The recent case of Ocado v McKeeve highlights the importance of maintaining proper data retention policies so employees have a clear understanding of the procedures they need to follow.
Search orders and disclosure in litigation should always be borne in mind. Here, Deborah Ruff, Head of International Arbitration, Charles Golsong, Counsel, and Charlotte Stewart-Jones, Associate, at Pillsbury Winthrop Shaw Pittman LLP, explains more.
What are search orders?
Search orders are a form of injunction. Akin to measures available in criminal proceedings, they require a defendant to legal proceedings to allow the claimant’s representatives to enter (unannounced and usually at dawn) the defendant’s premises and search for, copy and seize documents and other materials.
What is disclosure?
Disclosure requires parties to make available to each other evidence which either supports or undermines the parties’ cases. Each party makes requests of the other which must then (subject to limited grounds whereby documents or parts thereof can be withheld from disclosure) disclose the documents, even where these are harmful to its case.
Failure to comply with search orders and/or disclosure can lead to sanctions, including contempt of court, a finding of which can result in a prison sentence.
What happened in Ocado v McKeeve?
A co-founder of Ocado, Mr Faiman, left the business in 2010. Mr Faiman subsequently incorporated Project Today Holdings Limited, which was intended to compete with Ocado.

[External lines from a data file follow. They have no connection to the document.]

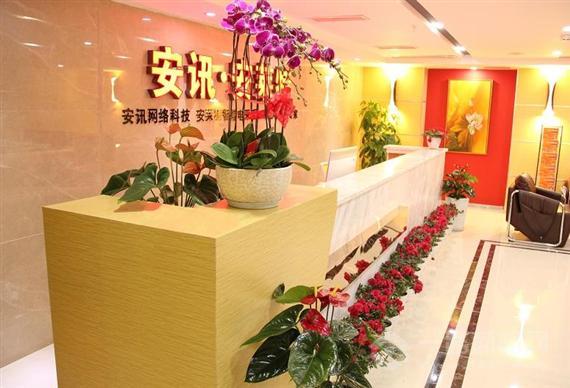 安莱特智能电采暖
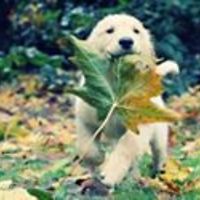 deliriousdesire avatar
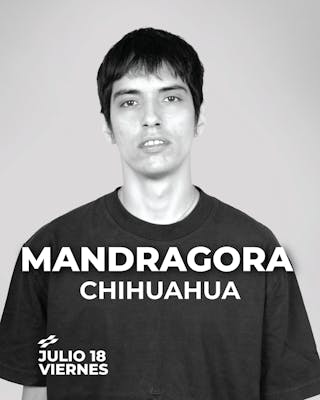 Mandragora en Chihuahua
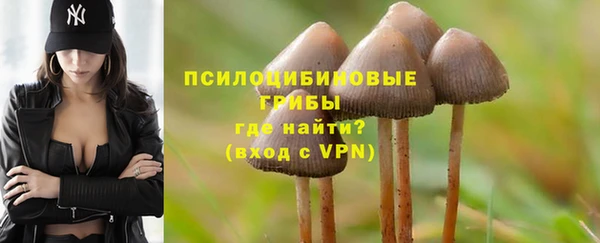 таблы Козловка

Mr Faiman had been in contact with a senior employee of Ocado, Mr Hillary, while engaged in discussions with Waitrose and Marks & Spencer. Ocado had a pre-existing relationship with the former and was engaged in negotiations with the latter. Mr Hillary subsequently resigned from Ocado and accepted a role with Today. He was placed on gardening leave by Ocado a week after he resigned but remained an employee of Ocado.
Ocado obtained a search order in support of proceedings against Today, Mr Faiman, and Mr Hillary concerning allegations that Mr Hillary had provided confidential information to Today and/or had been working for Today while still employed by Ocado.

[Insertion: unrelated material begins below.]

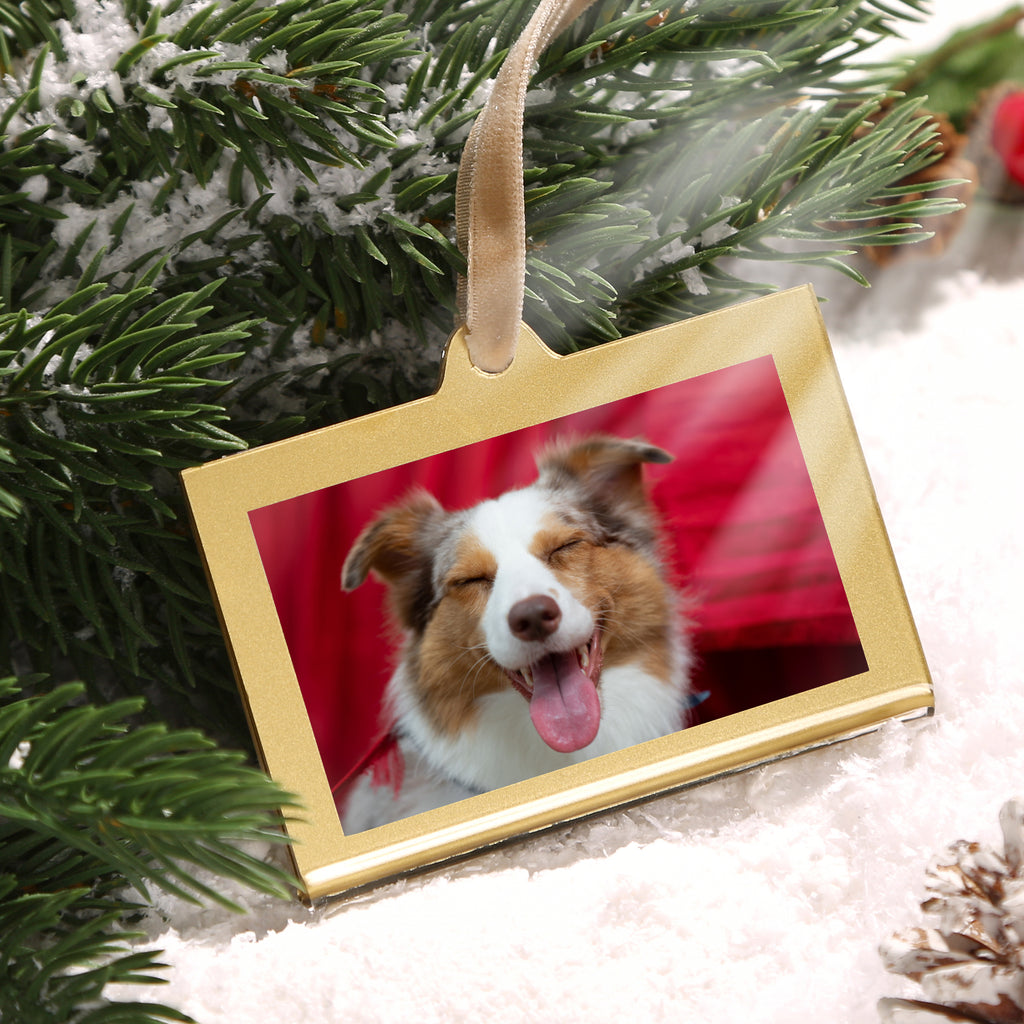 Christmas Photo Acrylic Ornament Frames, 3x2 Inches,8 Pack Gold Frames for Picture,Double-Sided Picture Frames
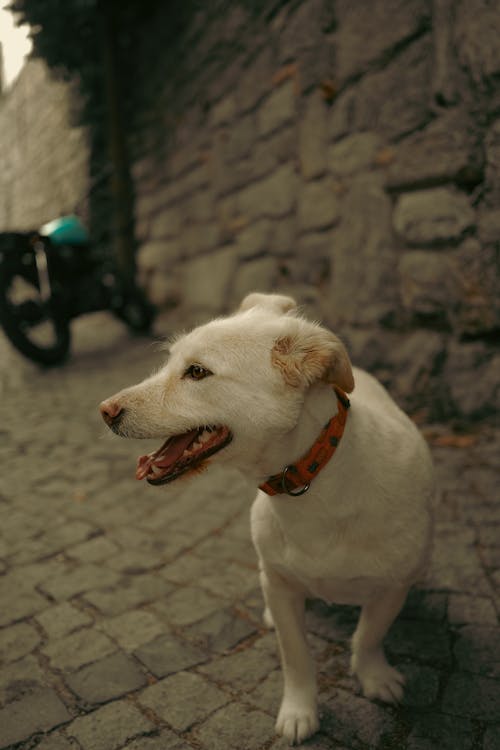 Fotos de stock gratuitas de animal, de cerca, enfoque selectivo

Shortly after the search order was served on Mr Faiman, he contacted his solicitor, Mr McKeeve. Mr McKeeve spoke to his client briefly and to the supervising solicitor. Following that conversation, Mr McKeeve sent a message saying “burn it” to Today’s IT manager on an application called 3CX. Mr McKeeve followed up this message with a phone call to Today’s IT manager to confirm that he wanted him to delete the 3CX application. The IT manager carried out this instruction and the 3CX application and its contents were irretrievably destroyed.
Although he had not seen the search order and was not a respondent to it, Mr McKeeve was nevertheless found to be in contempt of court. As a result of his intervention, the 3CX application had been irretrievably destroyed. Finding that his act had not been inspired by a conspiracy, the judge considered that Mr McKeeve’s actions were a “spontaneous act of colossal stupidity”, and the judge found that Mr McKeeve knew that the purpose of the search order was to require a search of the application to be carried out and that his intention had been to prevent it being searched. He thus interfered with the due administration of justice.

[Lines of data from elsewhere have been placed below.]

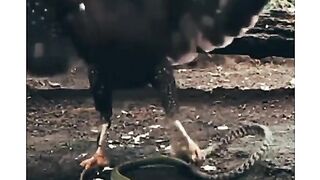 Eagle hunting to snacks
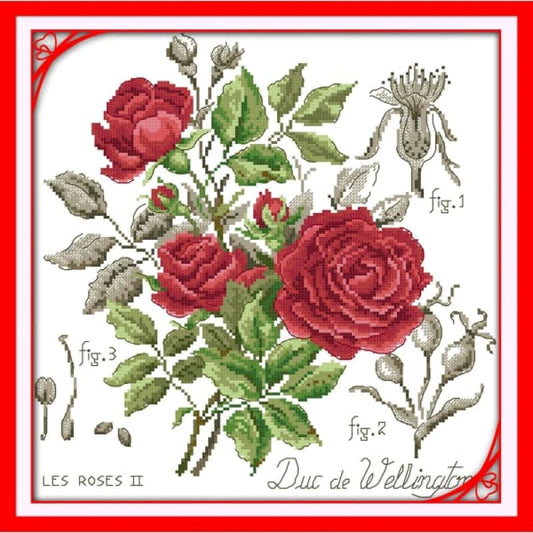 Red rose (2)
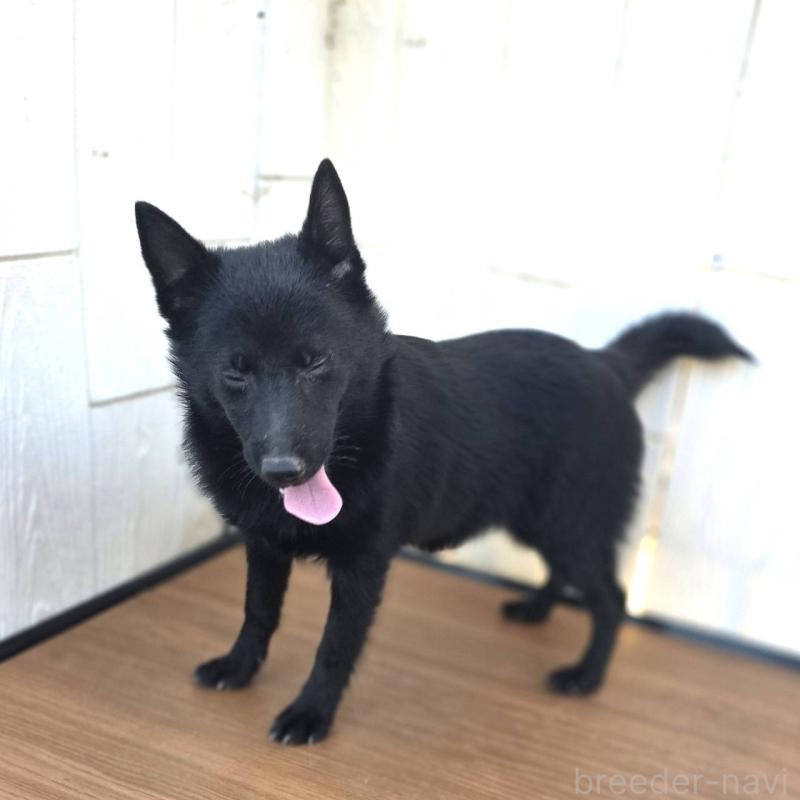 成約済の茨城県のスキッパーキ-400836の2枚目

A judge will decide on the potential sanction later this year, which may include a custodial sentence.
Ensuring compliance with data obligations
This case demonstrates the importance of having effective data procedures in place. Human judgement can be impaired in stressful situations, and, in the absence of clear guidance, individuals may react improperly, which can have serious repercussions for the organisations and individuals involved. To mitigate this risk, organisations should have clear data retention policies which address how employees should manage data held by the organisation from creation until disposal. Employees should be given training to ensure they are familiar with the policies and have a clear understanding of what action must (and must not) be taken.
Data retention policies can assist organisations to comply with their legal and regulatory obligations, which may include the following:
The Civil Procedure Rules require a person who knows that it is or may become party to proceedings to take reasonable steps to preserve documents in its control that may be relevant to any issue in the proceedings (paragraph 3.1 of Practice Direction 51U).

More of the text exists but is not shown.